I'm iterating through the db by row and the Name key will appear more than once. When it does fruits or colors may already be populated and need to append.

namedict = {}
db_rows = execute_query(cursor, args.store_proc)

for row in db_rows:
  db_name = row.id
  db_fruit = row.fruit
  db_color = row.color
  if db_name in namedict:
    namedict[db_name]["fruits"].append(db_fruit)
    namedict[db_name]["color"].append(db_color)
  else:
    namedict[db_name]["fruits"] = [db_fruit]
    namedict[db_name]["color"] = [db_color]

Solution

  • collections.defaultdict is your friend: If you access a new key of a defaultdict, it is automatically initialised with the provided function (list or set in this case). Because you want a dictionary (e.g. "greenhouse1") of dictionaries ("fruits", "colors") with lists as values (separate fruits and colors), we need a nested defaultdict.
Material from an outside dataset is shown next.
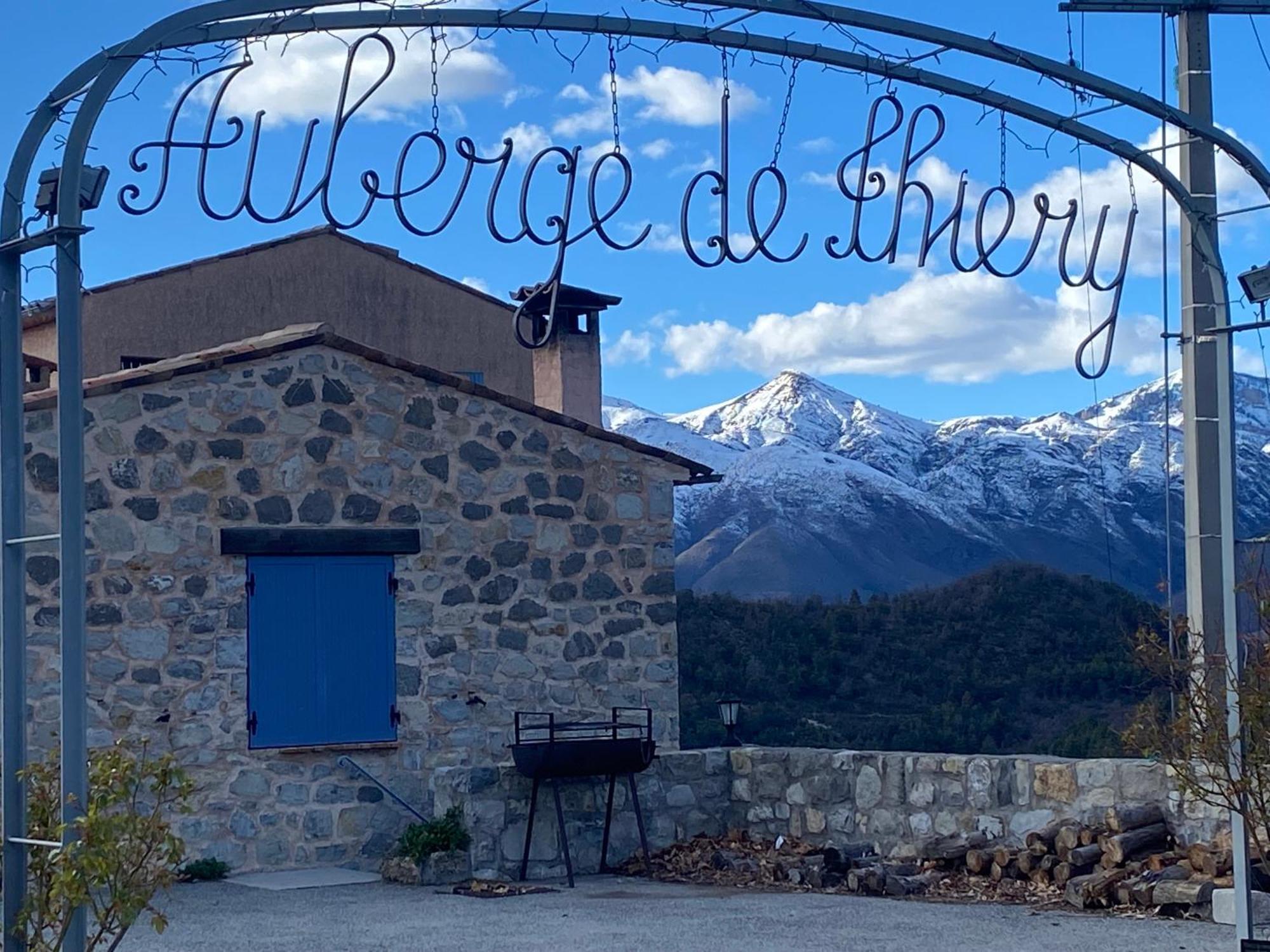 Auberge De Thiery Dış mekan fotoğraf
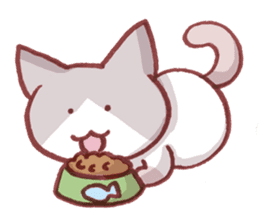 It's good cat day! 1st sticker #590276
The following should work:

    from collections import defaultdict
    
    db = defaultdict(lambda: defaultdict(list))  # alternative: set instead of list
    db['greenhouse1']['fruits'].append('apples')  # use `add` for sets
    db['greenhouse1']['fruits'].append('oranges')
    db['greenhouse1']['colors'] = ["red", "orange"]
    
    db['greenhouse2']['fruits'].append('banana')
    
    print(db)
    # defaultdict(<function __main__.<lambda>()>,
    #             {'greenhouse1': defaultdict(list,
    #                          {'fruits': ['apples', 'oranges'],
    #                           'colors': ['red', 'orange']}),
    #              'greenhouse2': defaultdict(list, {'fruits': ['banana']})})
    

    A defaultdict works like a regular dict, so don't get confused with the strange looking output. E.g. to access the fruits of greenhouse1 you can simply write db['greenhouse1']['fruits'] and you get back a list (or set).